Do you have any idea whether or not these other people have had experiences similar to yours?
My experience is unique because the authorities somehow see me as some kind of very dangerous person. Others are treated as normal criminals. The police will have two dozen people sleeping in one big bed, so you cannot even turn. There’s also a lot of “self-punishment” in these normal cells. There are hierarchies inside, involving who is the boss and who is the newcomer. You can always be physically or psychologically abused. It’s a little dark society.
In the end, what is the role of architecture in relation to all of this?

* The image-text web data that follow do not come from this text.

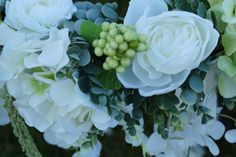 a bouquet of white flowers and green leaves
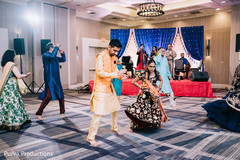 Indian bride and groom dancing at sangeet. Indian bride and groom dancing at sangeet.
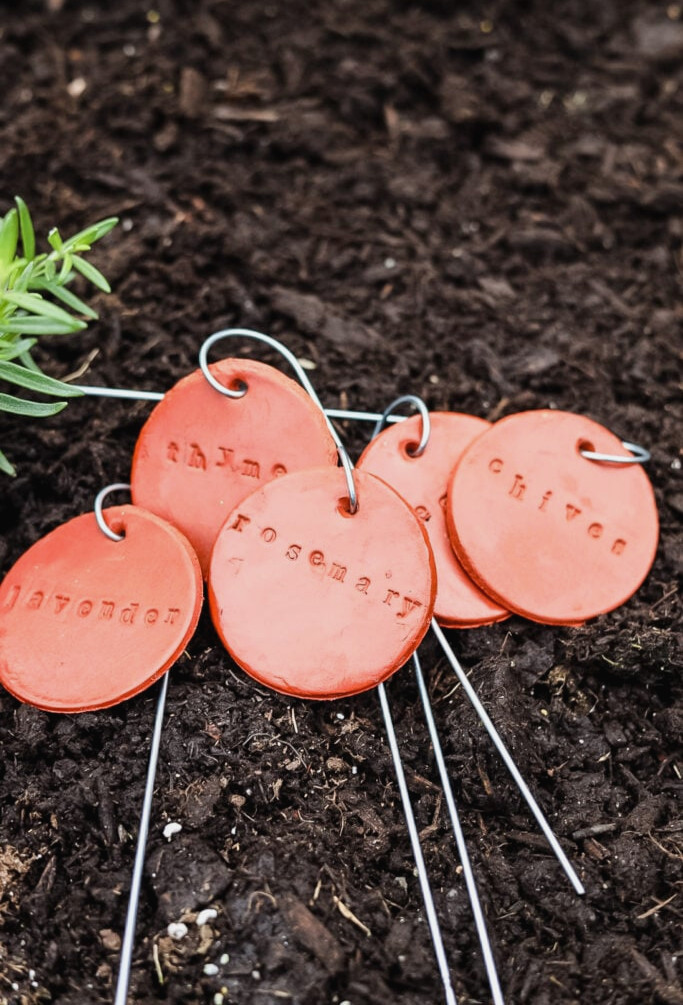clay plant markers with herb names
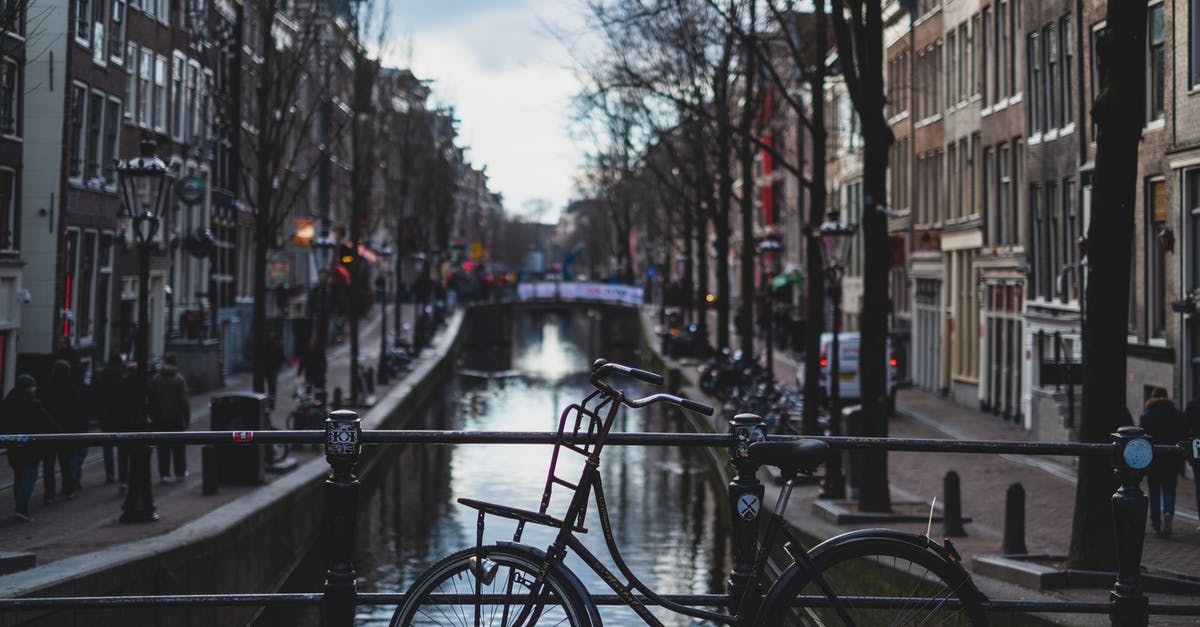 Boxed bike on trains in Amsterdam & Brussels - Bicycle Parked on a Bridge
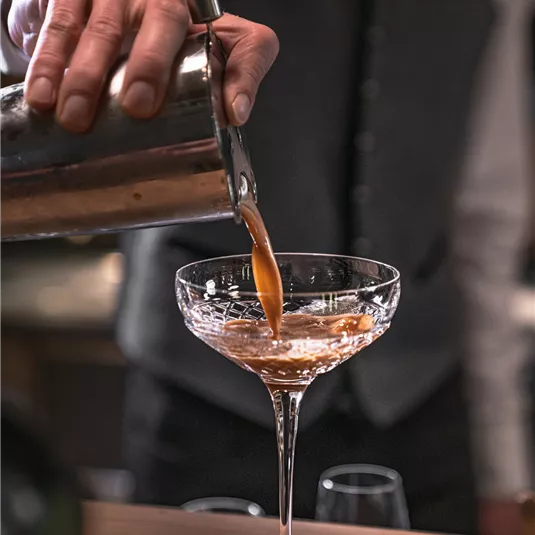 A bartender pours a cocktail into an elegant glass. The background is blurred, which emphasizes the drink and the professional preparation.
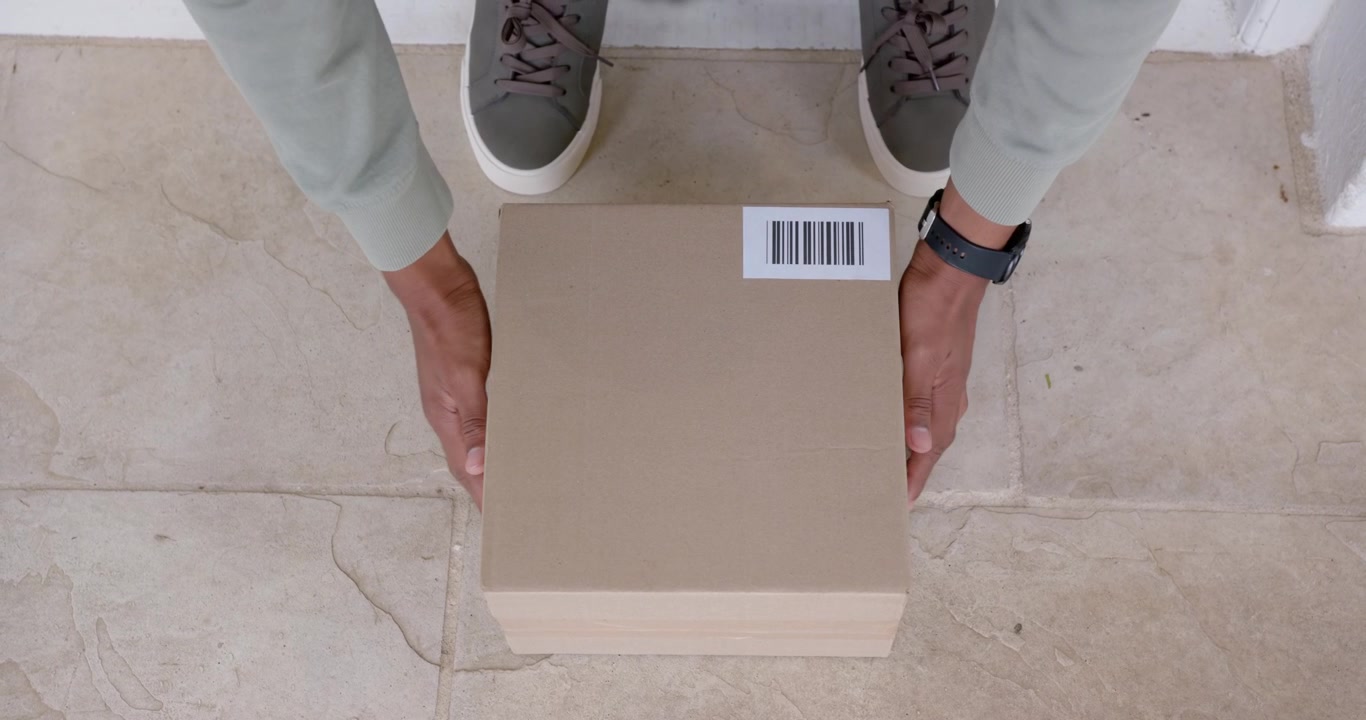 African American man spotting parcel with barcode, stepping on tiled doorstep, reaching and lifting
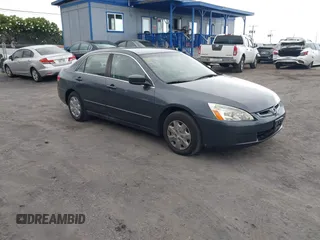 2004 Honda Accord LX with VIN JHMCM56304C037696, listed as a IAAI auction lot 42208122 with 163,905 mi miles and . Bid and sale history available at DreamBid. Image 1.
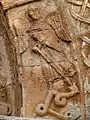 Saint Michel debout, ailes repliées, portant un bouclier, tient une lance qu'il a enfoncé dans la gueule du dragon.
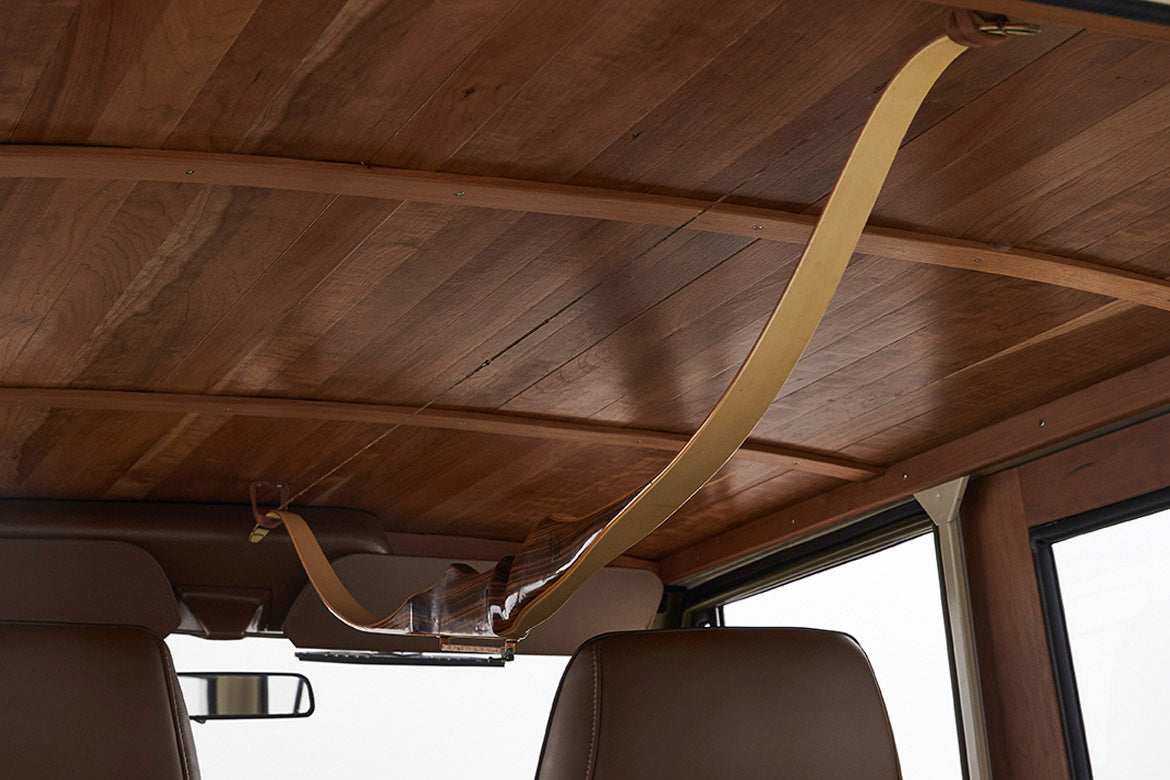 Interior ceiling of Classic Ford Bronco with wood paneling and a mounted wooden bow, front seats visible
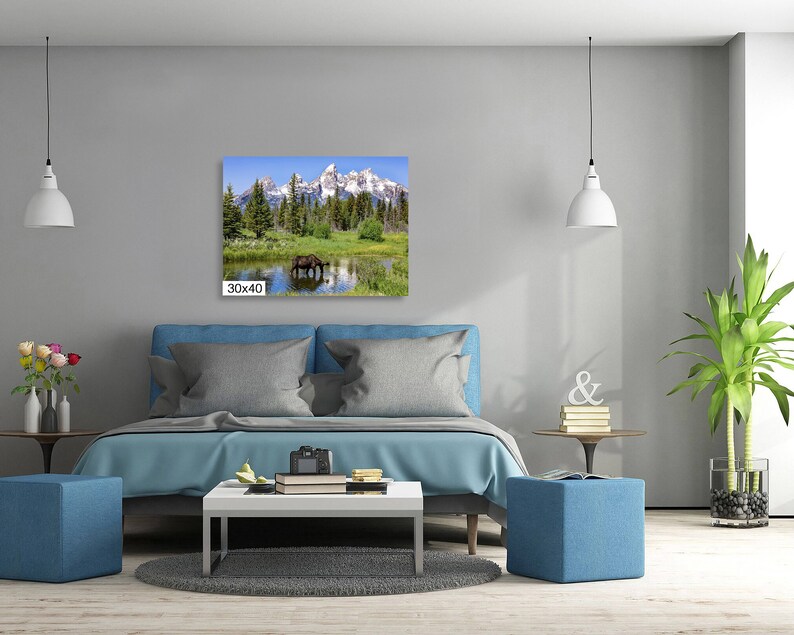 Op de afbeelding: Een canvas print van een bergketen met een bruine eland die in een meer op de voorgrond staat. De print is ingelijst en hangt aan een muur boven een blauwe bank.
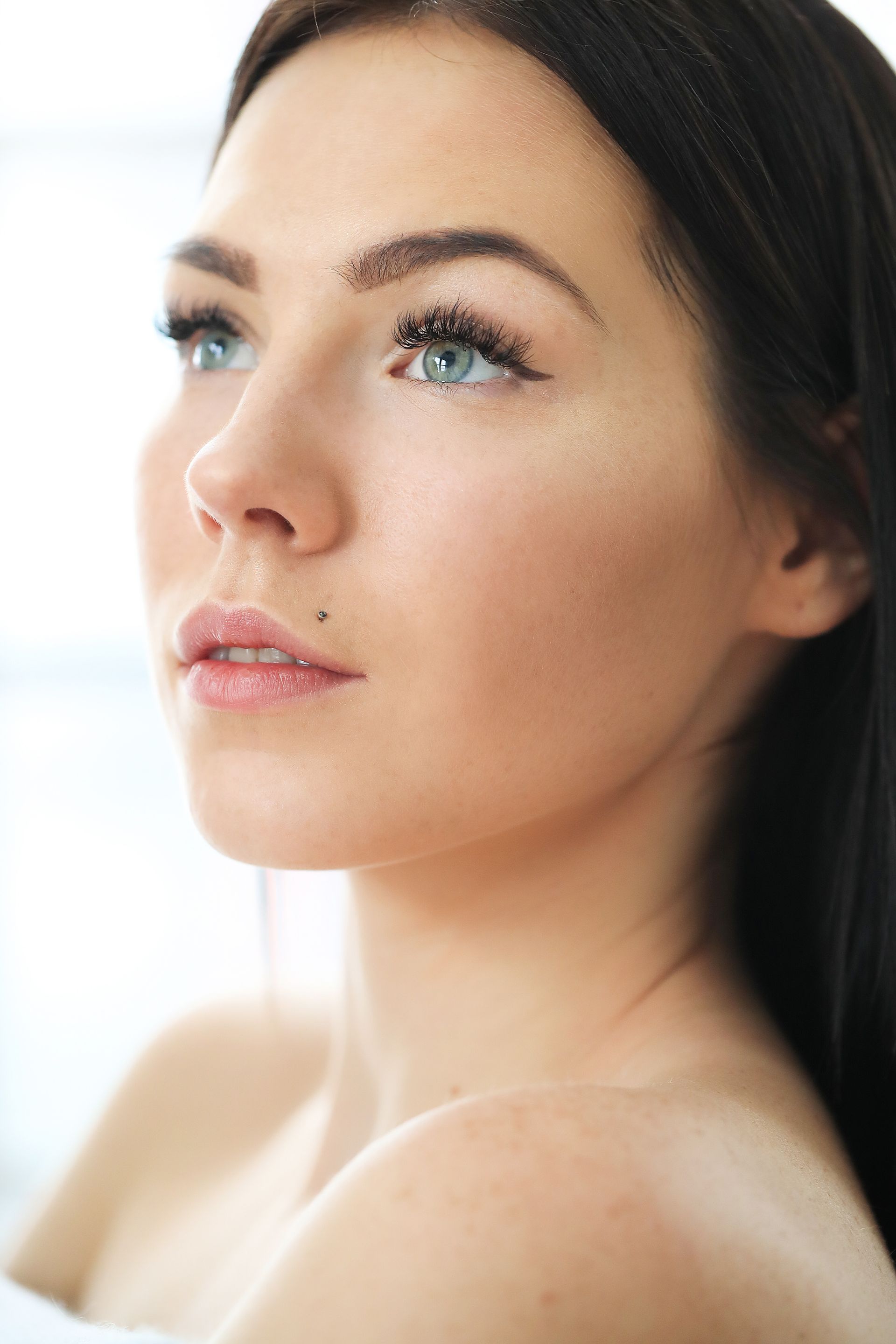 a woman with long hair is leaning against a white wall .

I think of architects as very strange creatures. Architecture is only half intellectual and mostly just practical. There is only a small intellectual side to the profession, and it very rarely involves moral judgment. Sometimes architects think they are so powerful because they make something happen, like a god, but of course it’s always plagued by politics and money. It’s not so stable.
And how is art different?
Art can be very different. You don’t have to be in the commercial world. Many artists don’t sell a piece in their lifetime. But architects, you work for somebody to use it, you know?
One final question. Your father, the poet Ai Qing, was imprisoned in 1932 for opposing the Kuomintang in Shanghai…
Yes. Today I was reading early poetry he wrote in prison. He started writing poems at this time. The first day I was detained, I remember telling the police that it reminded me of my father. They told me that today it is different. Then later, I realized that yes, it is very different. My father still could write poetry in prison and send it out to be published. But today in China, you cannot. Even your family doesn’t know where you are. You have no lawyer. You have no way to send out anything, not even a toothpick.